### Task prompt
Each line from the first entry to the line with "Молдинг стекла двери", both included, is to be returned unchanged, with any pictures dropped.
----- Given data -----
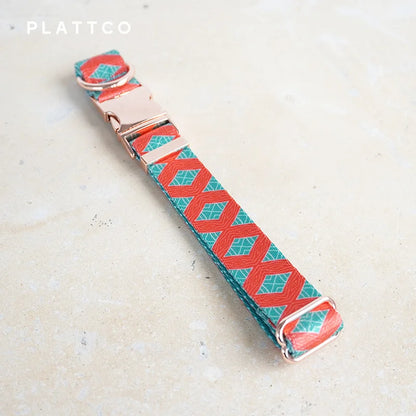 Plattco Geometric Glamour: Stylish Dog Collar with Grid Pattern for Modern Pets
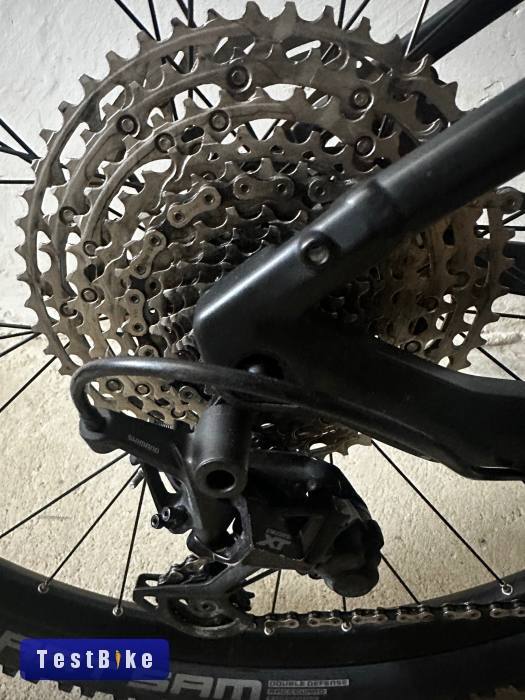 Eladó-Cube Reaction Hybrid SLX 750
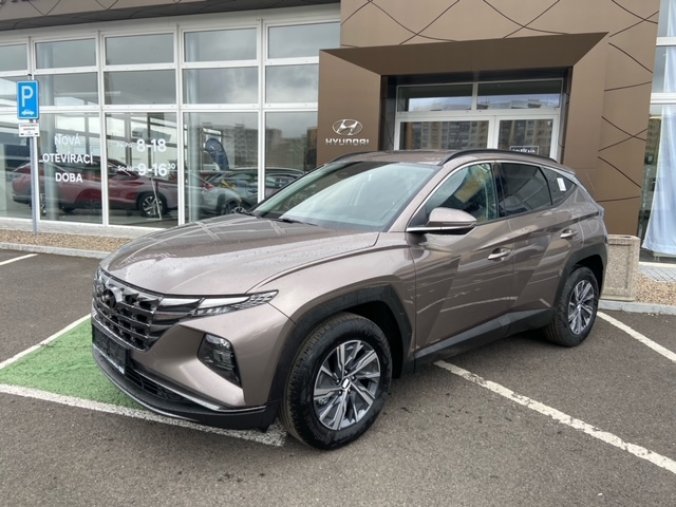 Hyundai Tucson, 1,6 T-GDi 110 kW (95 NAT) 6 st. man, barva bronzová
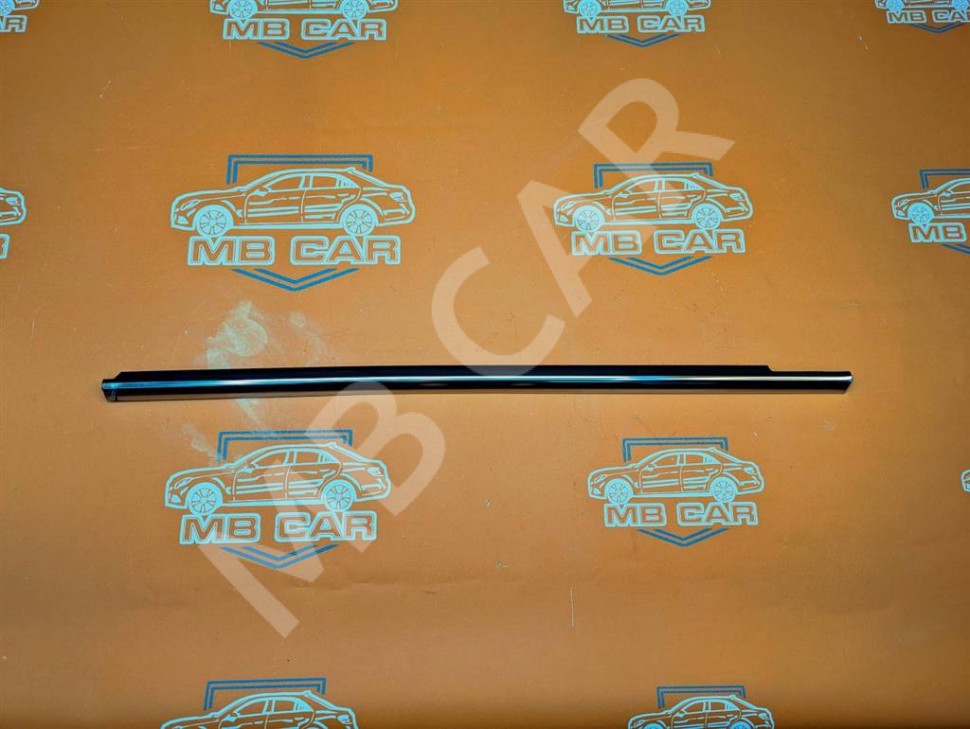 Молдинг стекла двери MERCEDES-BENZ E-класс W212/S212/C207/A207 рестайлинг (2013 - 2016) фото 1 — Разборка Мерседес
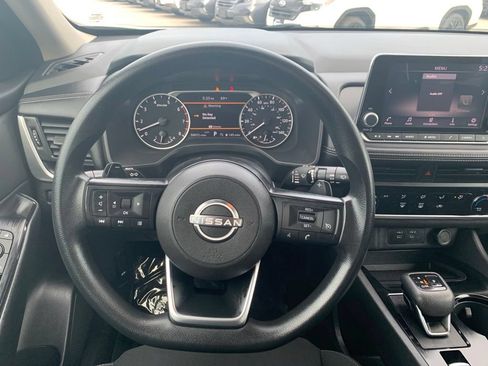 Used 2024 Nissan Rogue S AWD/4WD image 10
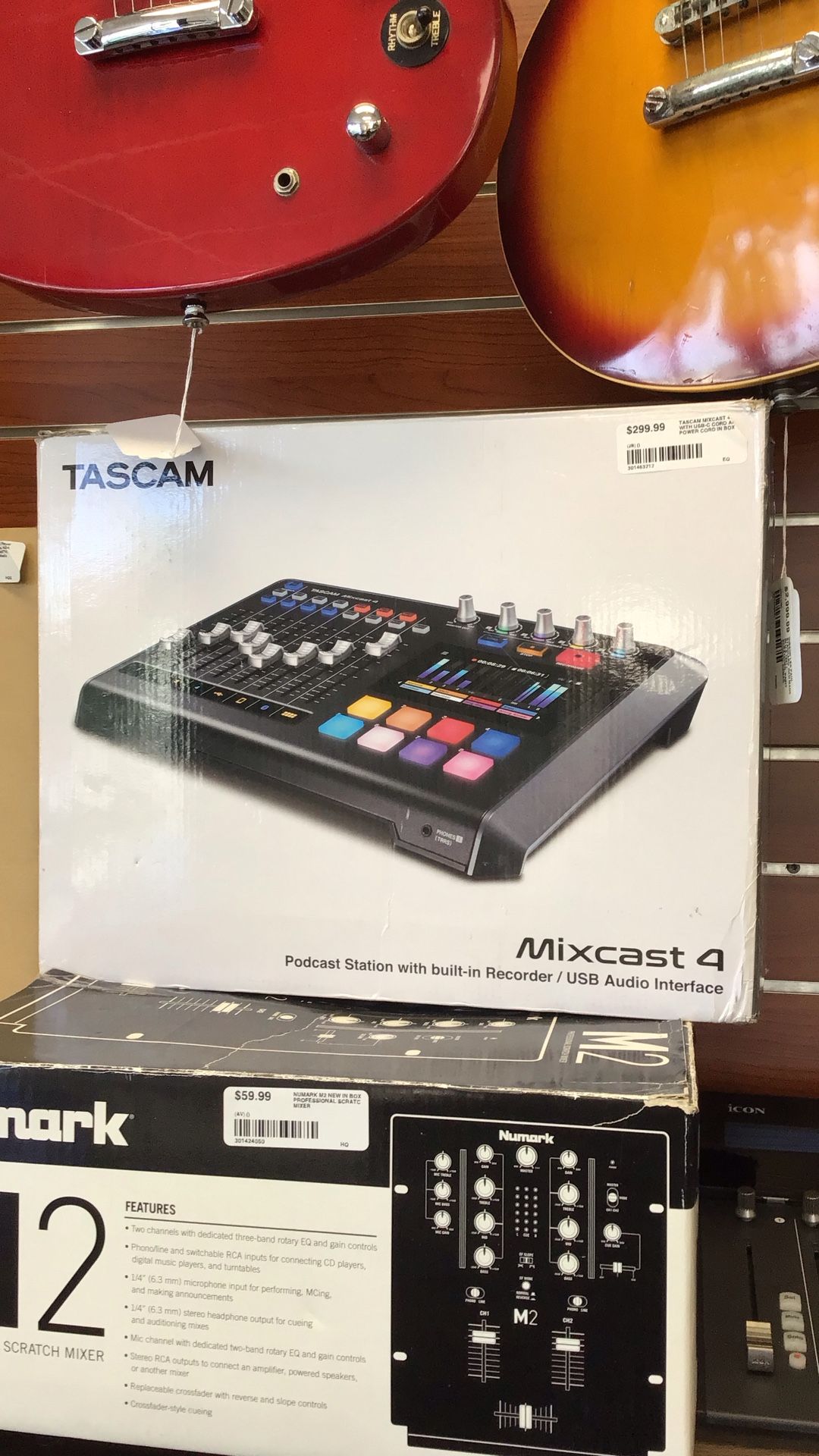 Tascam Mixcast 4 Podcast Station 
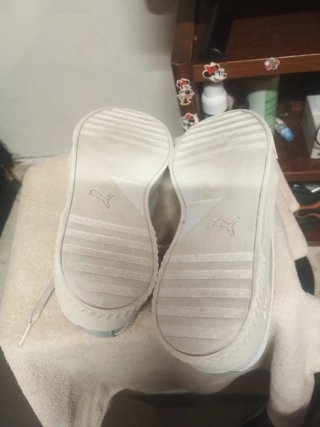 zapatillas de mujer plomos y blancos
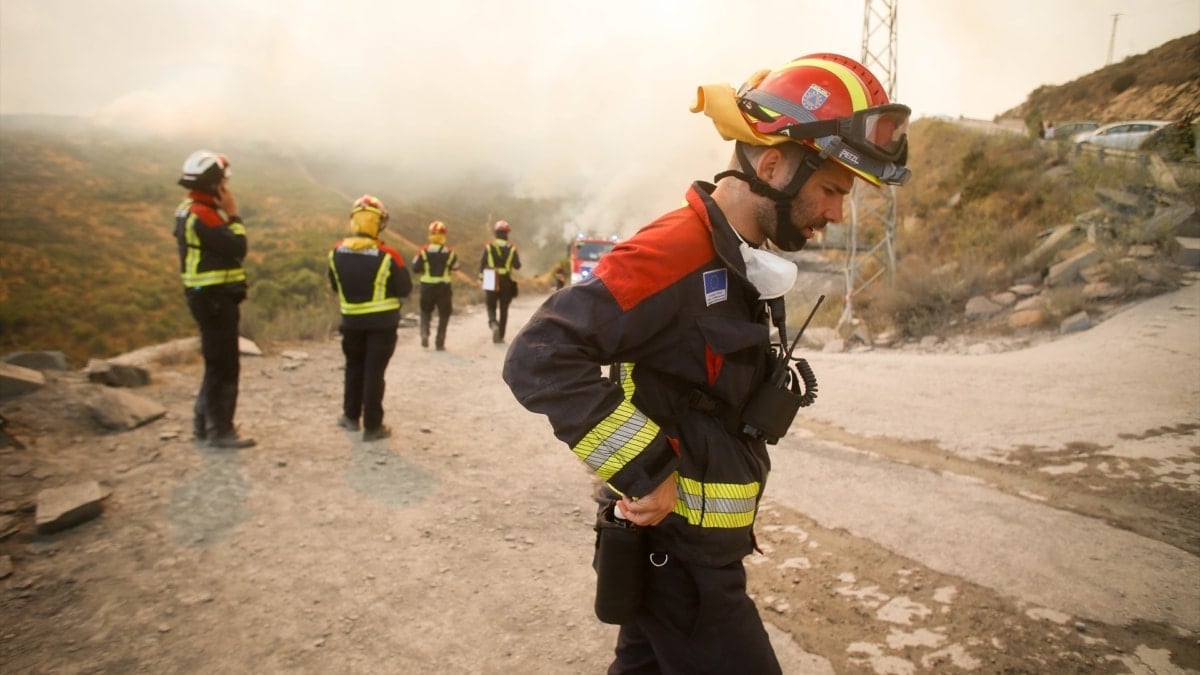 Un equipo de bomberos durante el incendio forestal en una foto de archivo.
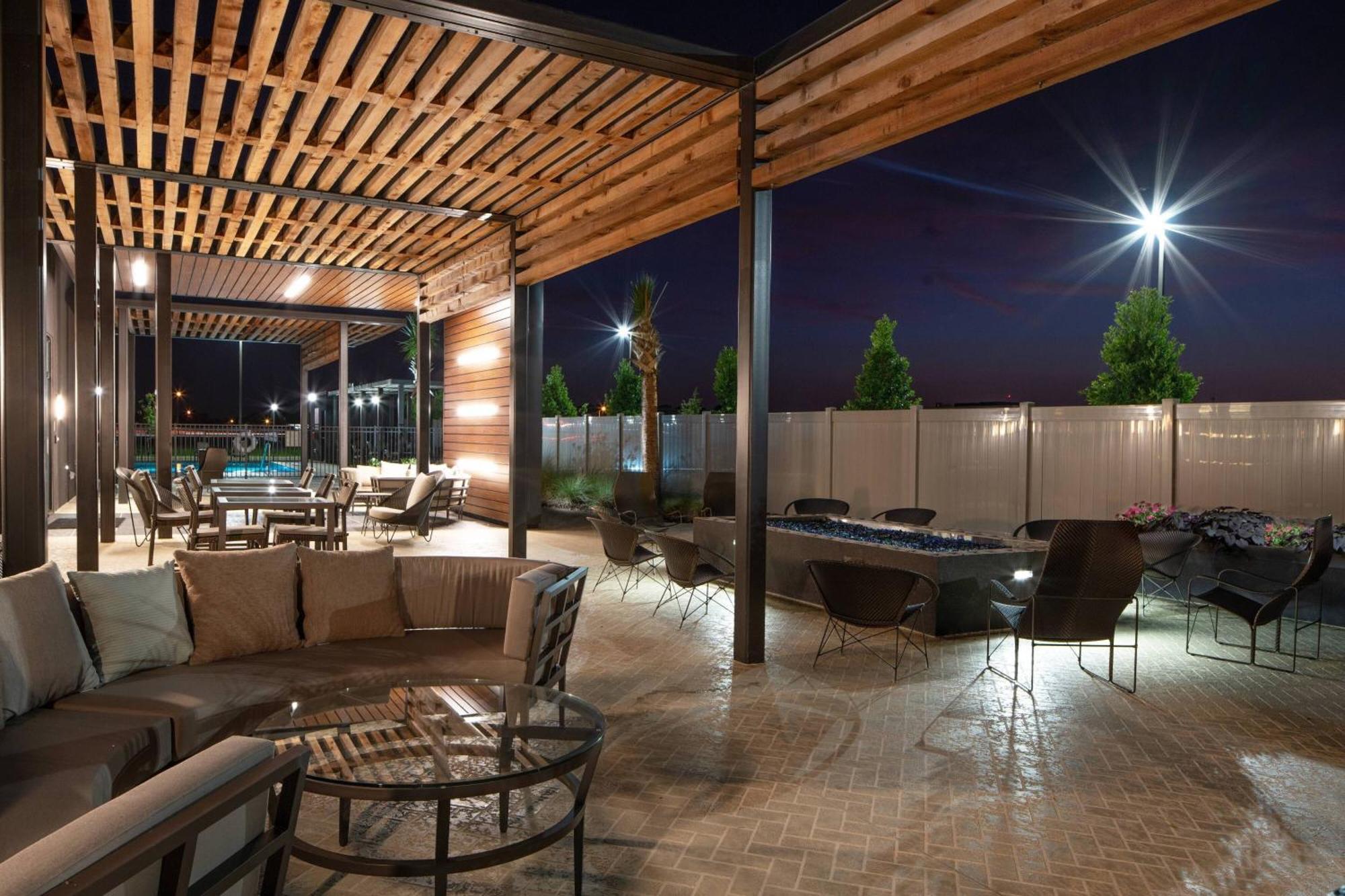 Courtyard By Marriott Lafayette South Hotell Exteriör bild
-----
### Answer to the exercise
 Plattco Geometric Glamour: Stylish Dog Collar with Grid Pattern for Modern Pets
 Eladó-Cube Reaction Hybrid SLX 750
 Hyundai Tucson, 1,6 T-GDi 110 kW (95 NAT) 6 st. man, barva bronzová
 Молдинг стекла двери MERCEDES-BENZ E-класс W212/S212/C207/A207 рестайлинг (2013 - 2016) фото 1 — Разборка Мерседес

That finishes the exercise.